Cross-functional expertise

Cross-functional expertise is the knowledge and skill set on various functional


areas and disciplines

Motivation

Entrepreneurs are motivated to start a business because of the factors like


ambitious factors, compelling factors and facilitating factors. Whatever may be the
reason, it can be said that in most of the times of the history of human civilization, there
were entrepreneurs who did independent business and this trend of history still continues.
For the last few decades in all over the world, entrepreneurs are regarded as value adding
people to the society.
The common man thinks that people go into business and become entrepreneurs solely to
make money.
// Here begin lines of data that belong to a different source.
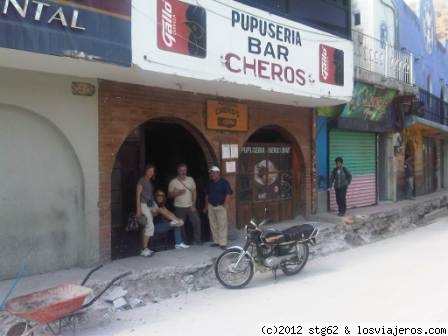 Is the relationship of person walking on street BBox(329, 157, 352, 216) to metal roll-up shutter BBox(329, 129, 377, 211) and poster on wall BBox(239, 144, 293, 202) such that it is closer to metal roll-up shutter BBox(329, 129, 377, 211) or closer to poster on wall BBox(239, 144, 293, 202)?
metal roll-up shutter BBox(329, 129, 377, 211)

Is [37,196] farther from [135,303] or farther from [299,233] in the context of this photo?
[299,233]

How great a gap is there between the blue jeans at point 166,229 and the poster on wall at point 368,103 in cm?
679

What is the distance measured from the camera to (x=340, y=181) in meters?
12.2

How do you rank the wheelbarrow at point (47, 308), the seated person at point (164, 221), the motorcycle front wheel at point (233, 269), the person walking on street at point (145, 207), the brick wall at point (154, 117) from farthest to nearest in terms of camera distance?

The desire to earn money is no doubt an important motivating force. But
entrepreneurs are motivated not for profits alone. Several research studies have been
conducted to identify the factors that inspire entrepreneurs.
The motivating forces

P.N. Sharma identified nine motivating factors which are as follows

• Educational background
• Occupational experience
• Desire to work independently in manufacturing line
• Desire to branch out to manufacturing
• Family background
• Assistance from government
• Assistance from financial institutions
• Availability of technology
• Availability of raw material
• Other factors such as demand of a particular product, utilization of surplus money
etc

These factors can be classified as internal and external factors. The first five
factors are called as internal factors and the final four factors are external motivators.